Sylvia Lee’s influence can best be measured by the principal singers she has worked with. A greatly abbreviated list would include scores of emerging artists at the institutions of higher education, at the Metropolitan Opera, New York City Opera, and at Curtis, as well as a bevy of stars including Kathleen Battle, Jessye Norman, Marian Anderson, Robert McFerrin, Grace Bumbry, and Simon Estes. While much of her work involved coaching and playing the standard classical operatic and art song repertoire, her long association with the Schiller Institute took her to many colleges and universities to conduct master classes on the African American Spiritual, alone, and with William Warfield. One year before her death on April 10, 2004, Oberlin Conservatory conferred upon her an Honorary Doctor of Music Degree.
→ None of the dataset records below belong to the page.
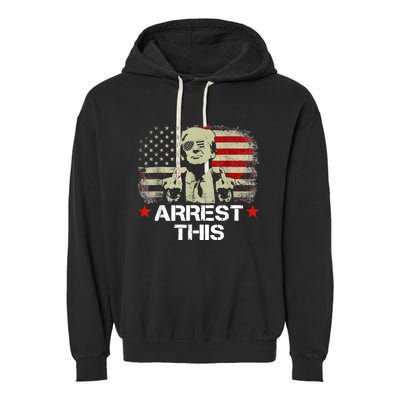 Arrest This Trump Garment-Dyed Fleece Hoodie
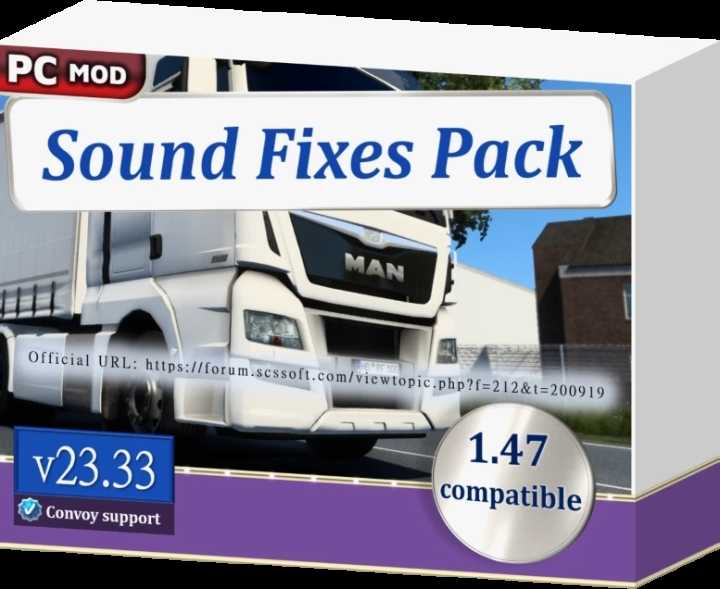 Sound Fixes Pack V23.33 ETS2 1.47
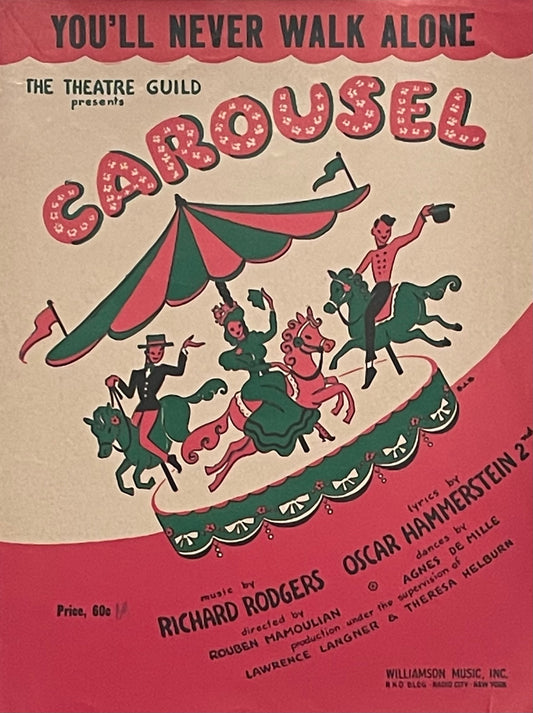 You'll Never Walk Alone The Theatre Guild presents Carousel Music by Richard Rodgers Lyrics by Oscar Hammerstein 2nd Published in 1956 by Williamson Music, Inc.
I shall never forget her fearlessness and musical competence which she demonstrated at the Hall Johnson Centennial Festival, which I produced at Rowan University (then Glassboro State College) in 1988. It was a three-day retrospective of the life and works of Hall Johnson that featured headliners Jester Hairston, William Warfield, Leonard De Paur, D. Antoinette Handy, three choral concerts, and five solo recitals of Hall Johnson’s music. One day before the festival was to begin, John Motley, former accompanist for Marian Anderson, who was scheduled to play for John Morrison (then tenor soloist at Riverside Church), and Dr. Blanche Foreman (a former pupil of mine who was then on the faculty at Vassar), cancelled for personal reasons. Morrison’s recital was of Hall Johnson’s original art songs, and Foreman’s of familiar Spirituals. Without batting an eye, Sylvia, who had been hired to play recitals for Gregory Hopkins and Barbara Dever, stepped in, and with only a single rehearsal, played John Morrison’s recital admirably and to the enthusiastic acclaim of the audience. I played Dr. Foreman’s recital which also delighted the audience. Both performances are preserved on the 4-CD album, The Best of the Hall Johnson Centennial Festival. I shall forever be grateful to her for her help in rescuing the festival and for her contribution to the performances of those rarely heard, and not previously recorded, works. “Thank you, Sylvia.” You live on in our memory and in these performances.